Right now, a user can be deanonymized if an attacker controls the entry node and the exit node in a Tor circuit. The attacker can discover the IP of the originator, and the site they are accessing. It gets even worse if it was not secured with https.

It is possible, if a user is willing to deal with latency, that they may construct a circuit larger than the regular 3 hops. Even given this, the above attack is still perfectly possible.

But what if the entry did not KNOW they were an entry node? Then the entire scenario changes. Imagine the same attack, but the entry node doesn't know for certain that it is being used as an entry node. As far as they know, they could be in the middle of a circuit OR an entry node. They could not conclude with certainty, one way or the other, whether or not the user that they have 'deanonymized' is truly the originator of the data being sent!

For all they know, it could have been part of a circuit longer than the standard 3, and the node that sent it the data was actually an entry node or another middle node just relaying data.

Why do entry nodes have their own listing and know that they are entry nodes? What might be the downsides of 'merging' entry nodes and middle nodes so they cannot tell which role they are fulfilling?

1 Answer 1


The network doesn't make the distinction of entry relays. Any Tor client is allowed to use any relay for any hop of the circuit (except with restrictions on the exit relay). To limit the types of attacks you describe, Tor clients use a set of guard relays. Any relay that is stable, fast, and has a good uptime is given the "Guard" flag by the directory authorities. This means that clients will add them to their guard sets, therefore using them as entry relays. These relays with the "Guard" flag are still used as middle relays (and sometimes exit relays), meaning they can still be used anywhere in the circuit.
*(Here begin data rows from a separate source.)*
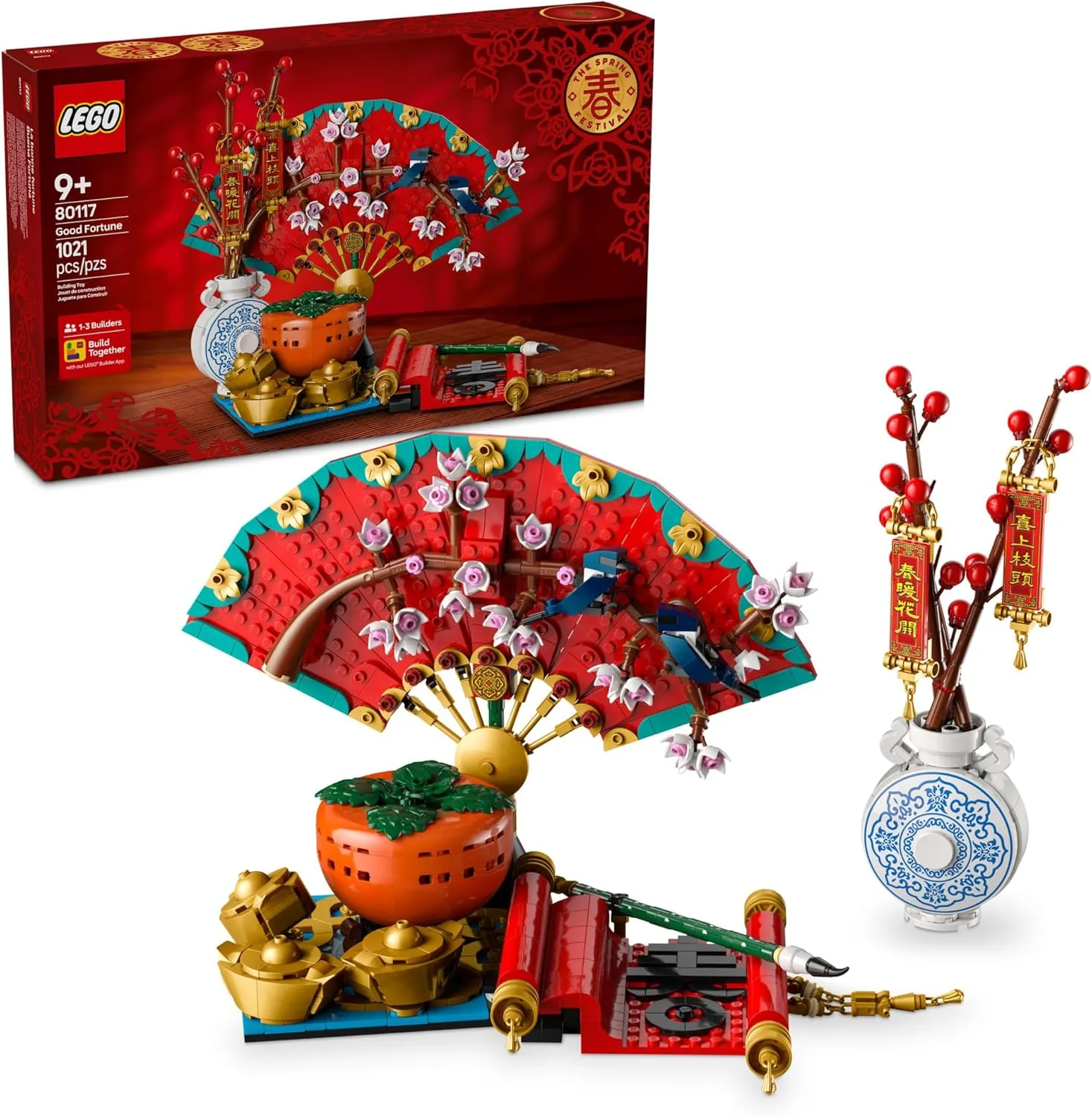 LEGO Spring Festival Good Fortune - Learning and Educational Building Toy - Chinese Festival Toy for Kids, Boys and Girls, Ages 9  - Cultural Gift for Display and Decor - 80117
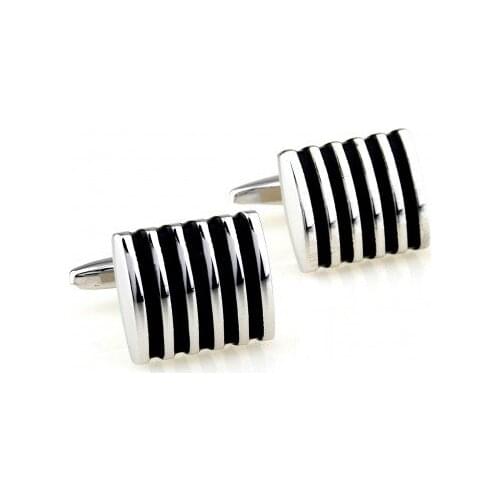 C2980 Black Enamel Cufflink 15 pairs Wholesale Free Shipping
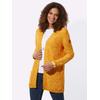 Strickjacke CASUAL LOOKS, Damen, Gr. 54, gelb (ocker, meliert), 54% Baumwolle, 46% Polyacryl, meliert, unifarben, Langarm, Strickjacken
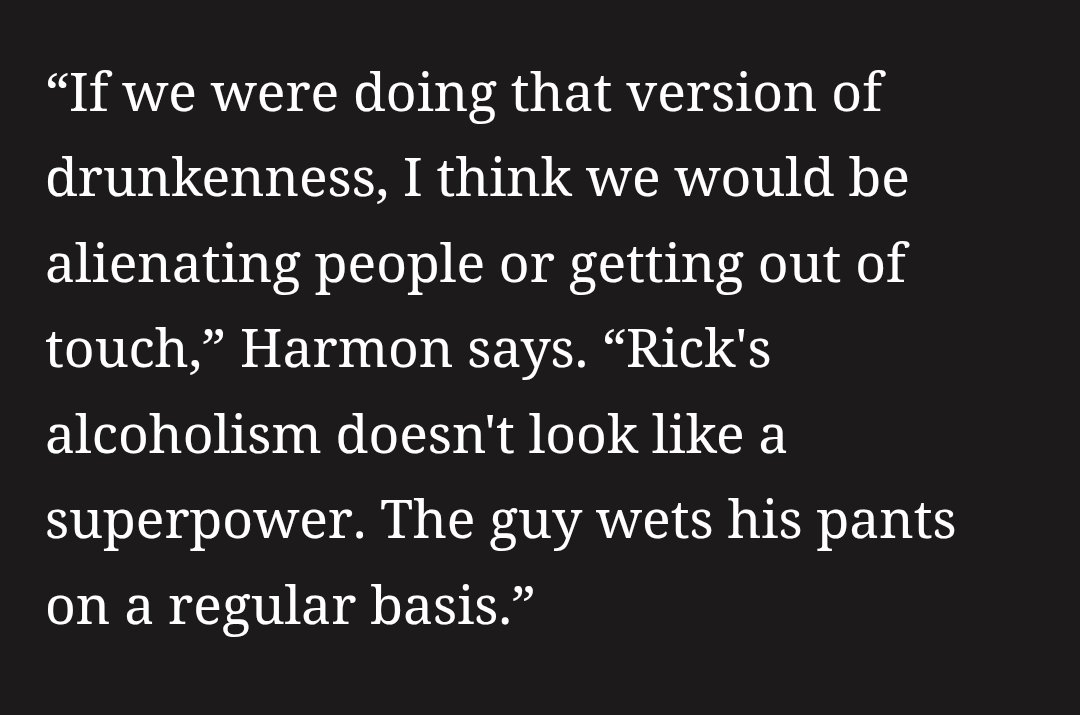 scouwtte's tweet photo. rick pisses himself often confirmed to be canon https://t.co/QLRq0x1cxg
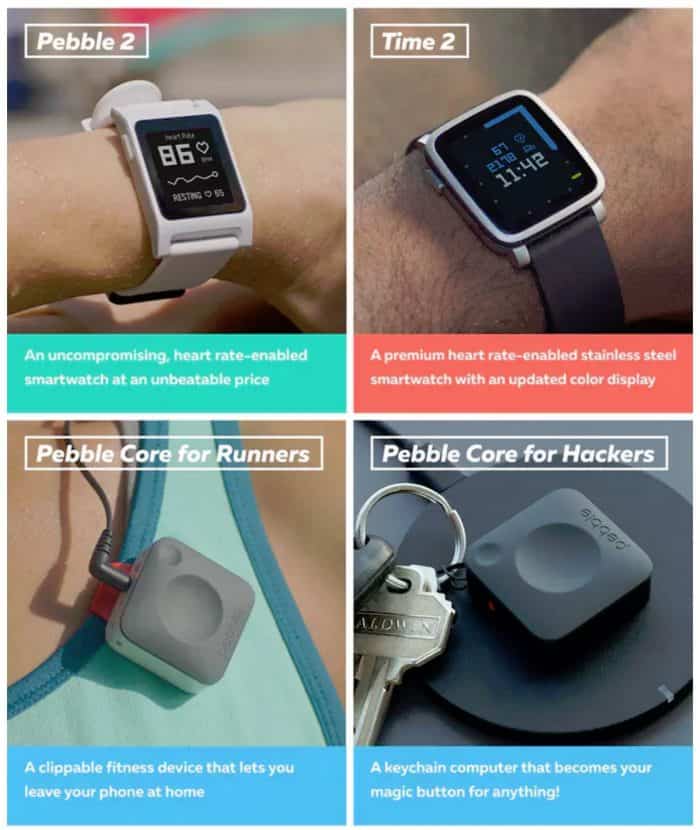 New Pebble Wearables - 2016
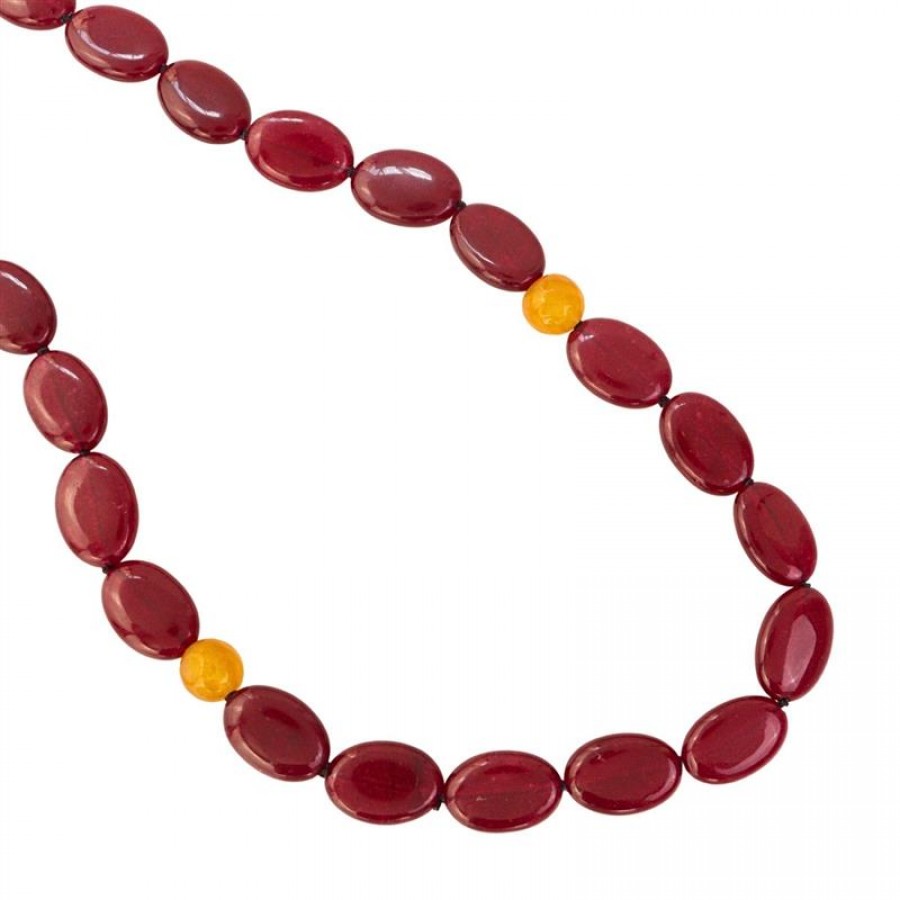 Colar Curto Jade Rubi Com Jade Mostarda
Unfortunately the first relay of a circuit (the entry relay, usually a guard relay) will always know if it's the entry relay based on the incoming TCP connection. There are a few reasons for this. The simplest is that the relay can see the IP address that is connecting to it. If that IP address is not a relay's IP, then it is most likely a client's IP. Also, clients don't have long-term identities like relays do. This means that relays know during the link handshake if a client is connecting.